The butterfly effect

  

There is a phenomenon referred to as the butterfly effect, the principle is simple enough. Think of it as every action has an equal and opposite reaction. Or maybe cause and effect, for anything to happen, a whole bunch of other things will have had to have happened beforehand.

The extent of this is rarely witnessed in every day life. We all go about our normal days not thinking for a moment about the choices that we made that got us here, or what actions of others may have had influence on the cheese sandwich I am about to eat. Such things as what if the baker had not turned up for work to prepare the bread, or if my alarm had not gone off to get me out of bed to get the bread.
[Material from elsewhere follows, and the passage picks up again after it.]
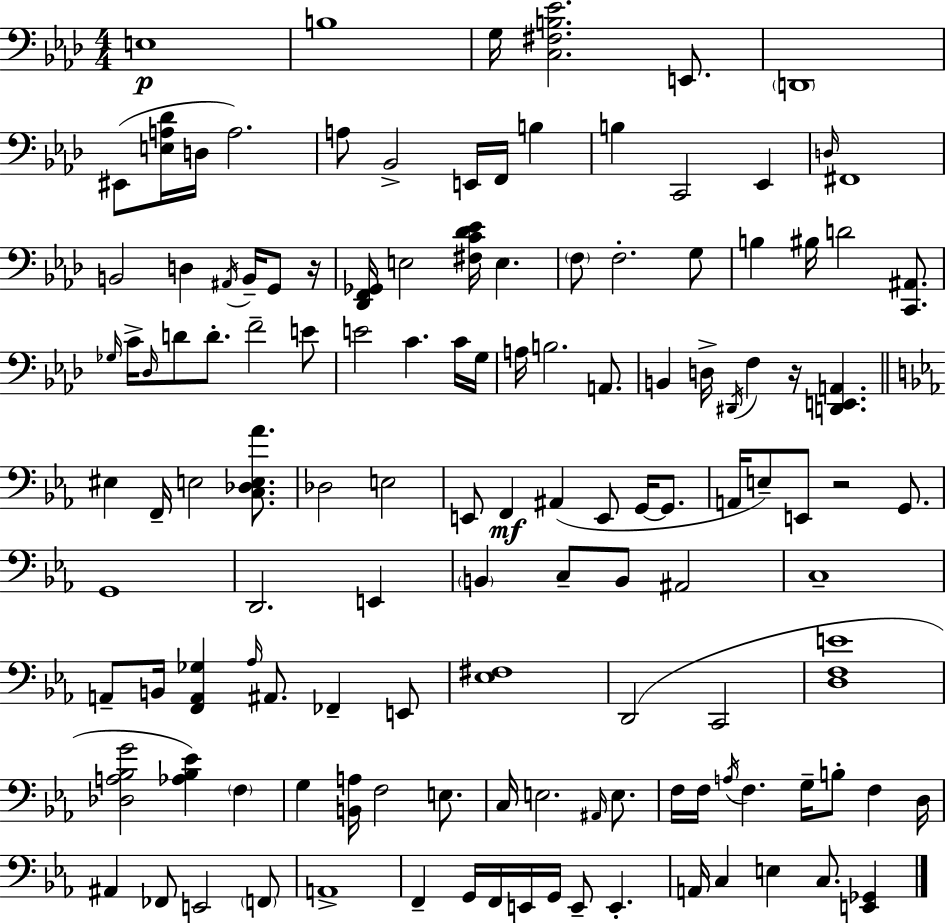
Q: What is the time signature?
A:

Let’s be real here for a moment, think about this for too long and it is likely anyone will end up confused, not just a blonde like myself. But this was all brought to the forefront of my mind last weekend.

Let’s begin the story, Sunday morning of a bank holiday weekend. Picture layers. Layer 1: Girlfriend hungry to see new areas of England on front seat of car, Layer 2: camera, sandwiches and emergency M&M’s on back seat. Layer 3: suitcase, Wellington boots and umbrella for two in the boot and off we go.

 

Butterfly effect day 1 – The missing cable

As we got closer to the north of England, the annoying beep from my GPS was reminding me again that the charging cable was sat on the kitchen table. With navigation now reduced to the old fashioned way, that is asking HER to ask for directions, little did I know this would result in my own personal French tourist leading us to a train station, a second hand bookshop, a derelict castle, countless sheep, a nice farmer, a man walking his dog and a couple of Dutch tourists, before eventually finding ourselves on a beach  by Dunstanburgh castle in time for sunset and photos.

 


Butterfly effect day 2 – The missing shoe

Picture a night out, maybe a bunch of girls getting very drunk and one losing a shoe. Someone finds the shoe and places it on top of a red post box for safety. Now the next morning the shoe catches the eye of a travelling couple who in turn catches the eye of self professed Geordie war veteran who wonders why anyone is so interested in a shoe. This leads to a conversation  about a statue of Queen Victoria and why she was neither facing the town hall nor the church and in the process totally confusing a poor French girl with all sorts of new words and phrases usually reserved for the north.

 

All this got me thinking, what were the events that took place for the two of us to find each other. In this big wide world, with so many things going on in everyone’s lives, what are the chances that two people that are so right for each other meet up at all. It has to make you wonder a lot about fate. Good things will eventually happen to good people given enough time and enough patience.

 

The butterfly effect in all its beauty


The bridge of love

  

The French love their bridges. Really, everywhere you look there are postcards and paintings of these beloved treasures. They light them up and decorate them. A timeless love affair. It is very fitting therefore that the one we found around Notre Dame was a true bridge of love. Could this be the most romantic spot on the planet?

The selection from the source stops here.